AVAILABLE DATA Block Start
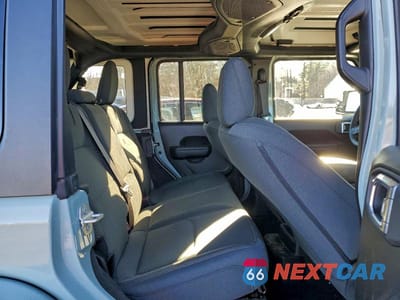 Zdjęcie 11 z 12 samochodu: 2024 JEEP WRANGLER 4XE VIN:1C4RJXN60RW202938 - miniatura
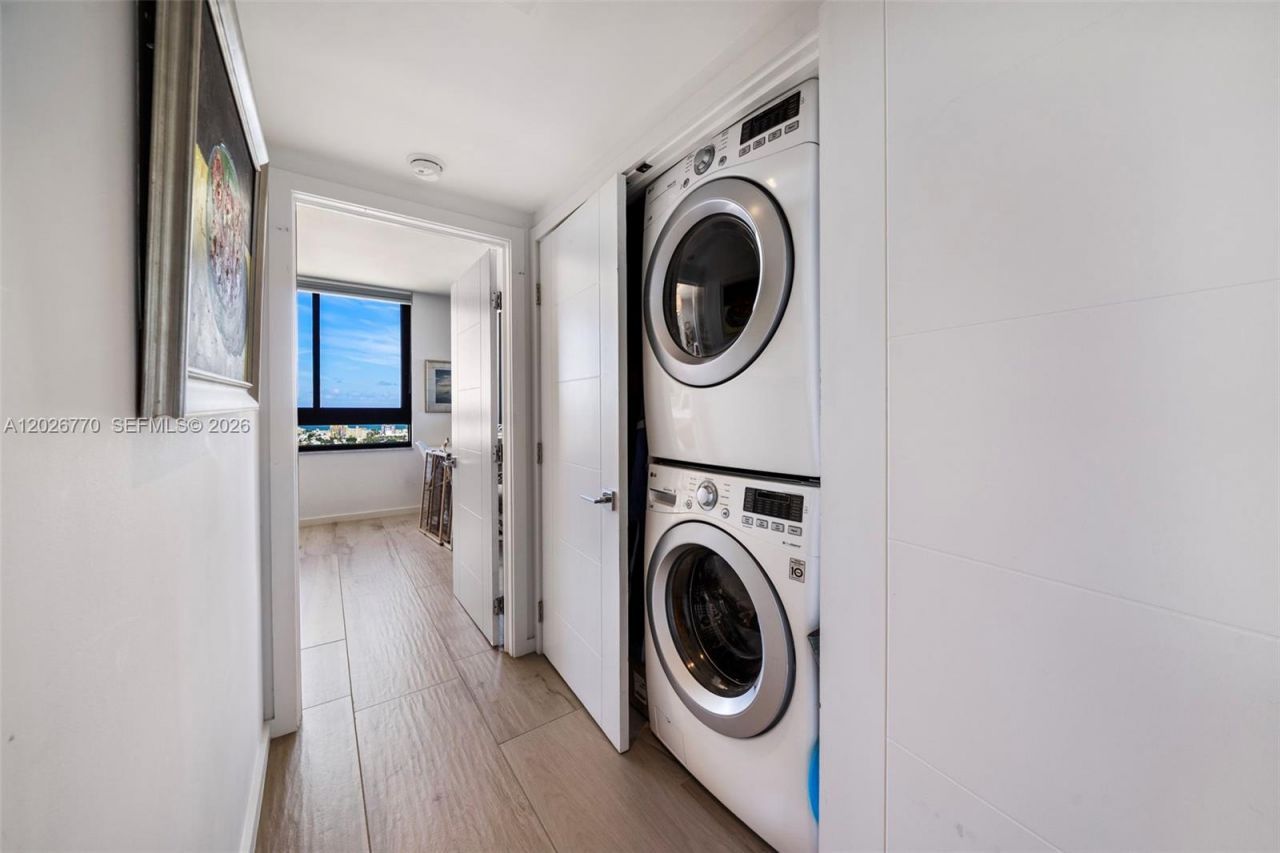 1330 West Ave, Unit 2414, Miami Beach, FL 33139 Photo
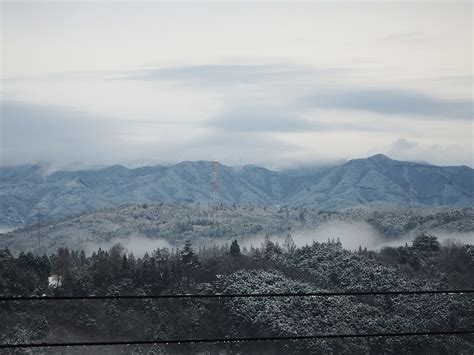 節分の雨が雪に変わっていました。朝は雪景色が広がっていましたがもう太陽が眩しいぐらいなのですぐ雪も溶けるでしょう。 屋根裏アトリエ ～田中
AVAILABLE DATA Block End
WHAT YOU WILL DO:
Every line of the listing above is to be set down verbatim, without the pictures.

TASK ANSWER:
 Zdjęcie 11 z 12 samochodu: 2024 JEEP WRANGLER 4XE VIN:1C4RJXN60RW202938 - miniatura
 1330 West Ave, Unit 2414, Miami Beach, FL 33139 Photo
 節分の雨が雪に変わっていました。朝は雪景色が広がっていましたがもう太陽が眩しいぐらいなのですぐ雪も溶けるでしょう。 屋根裏アトリエ ～田中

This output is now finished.